Pogenberg, V., Ballesteros-Álvarez, J., Schober, R., Sigvaldadóttir, I., Obarska-Kosinska, A., Milewski, M., et al. (2020). Mechanism of conditional partner selectivity in MITF/TFE family transcription factors with a conserved coiled coil stammer motif. Nucleic Acids Research (London), 48(2), 934-948. doi:10.1093/nar/gkz1104.
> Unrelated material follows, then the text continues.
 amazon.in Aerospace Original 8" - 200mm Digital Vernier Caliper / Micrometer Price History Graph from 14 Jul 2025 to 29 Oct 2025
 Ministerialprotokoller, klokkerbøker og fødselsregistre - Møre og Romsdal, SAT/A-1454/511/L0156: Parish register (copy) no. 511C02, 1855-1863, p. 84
Cite as: https://hdl.handle.net/21.11116/0000-0005-4AD2-B
Abstract
Interrupted dimeric coiled coil segments are found in a broad range of proteins and generally confer selective functional properties such as binding to specific ligands. However, there is only one documented case of a basic-helix-loop-helix leucine zipper transcription factor-microphthalmia-associated transcription factor (MITF)-in which an insertion of a three-residue stammer serves as a determinant of conditional partner selectivity. To unravel the molecular principles of this selectivity, we have analyzed the high-resolution structures of stammer-containing MITF and an engineered stammer-less MITF variant, which comprises an uninterrupted symmetric coiled coil. Despite this fundamental difference, both MITF structures reveal identical flanking in-phase coiled coil arrangements, gained by helical over-winding and local asymmetry in wild-type MITF across the stammer region. These conserved structural properties allow the maintenance of a proper functional readout in terms of nuclear localization and binding to specific DNA-response motifs regardless of the presence of the stammer. By contrast, MITF heterodimer formation with other bHLH-Zip transcription factors is only permissive when both factors contain either the same type of inserted stammer or no insert. Our data illustrate a unique principle of conditional partner selectivity within the wide arsenal of transcription factors with specific partner-dependent functional readouts.